> [SOURCE INFORMATION]
┏━━

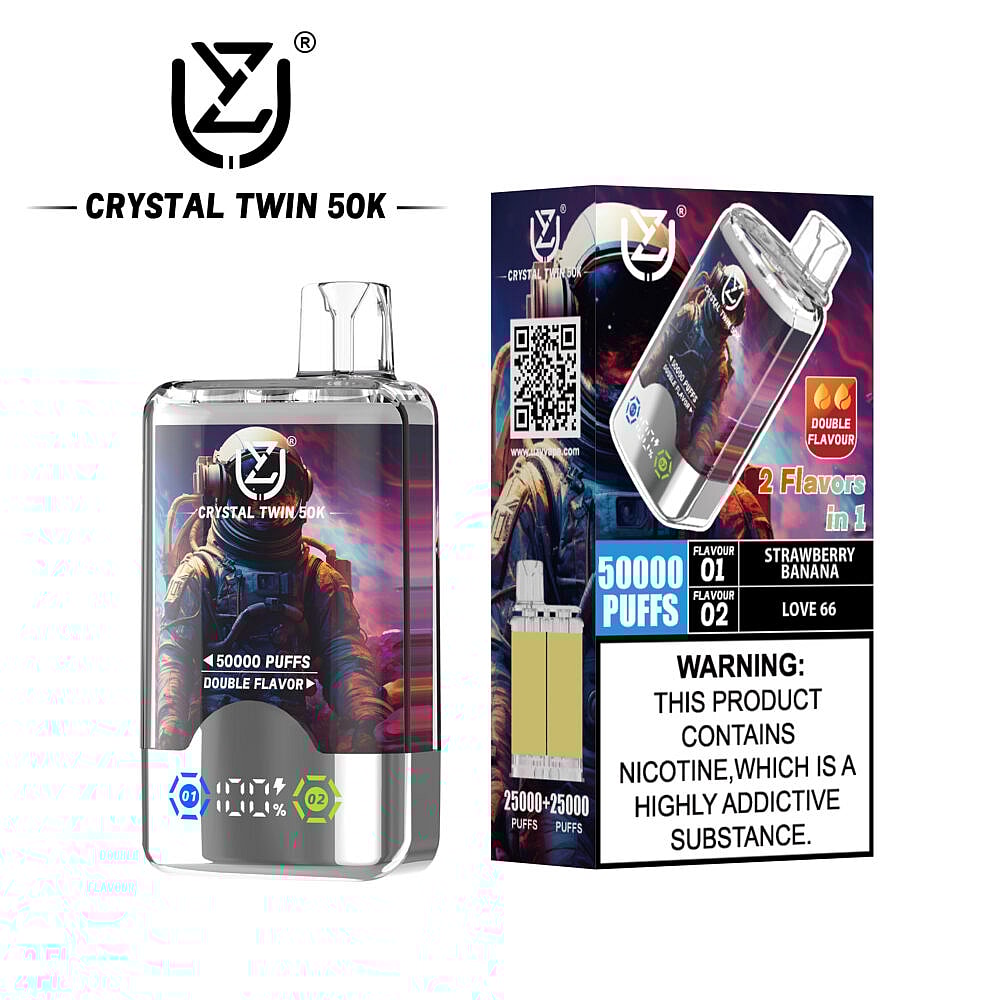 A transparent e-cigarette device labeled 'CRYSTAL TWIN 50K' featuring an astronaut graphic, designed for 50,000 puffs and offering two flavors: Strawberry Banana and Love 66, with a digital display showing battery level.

┗━━
┏━━

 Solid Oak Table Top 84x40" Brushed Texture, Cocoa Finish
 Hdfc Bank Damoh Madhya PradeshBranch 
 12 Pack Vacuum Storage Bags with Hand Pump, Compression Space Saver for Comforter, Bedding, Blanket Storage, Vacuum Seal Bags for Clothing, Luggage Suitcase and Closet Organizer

┗━━

Produce a word-for-word copy of everything above from the line holding "Hdfc Bank Damoh Madhya PradeshBranch" down to the line holding "12 Pack Vacuum", with both of those lines kept.

 Hdfc Bank Damoh Madhya PradeshBranch 
 12 Pack Vacuum Storage Bags with Hand Pump, Compression Space Saver for Comforter, Bedding, Blanket Storage, Vacuum Seal Bags for Clothing, Luggage Suitcase and Closet Organizer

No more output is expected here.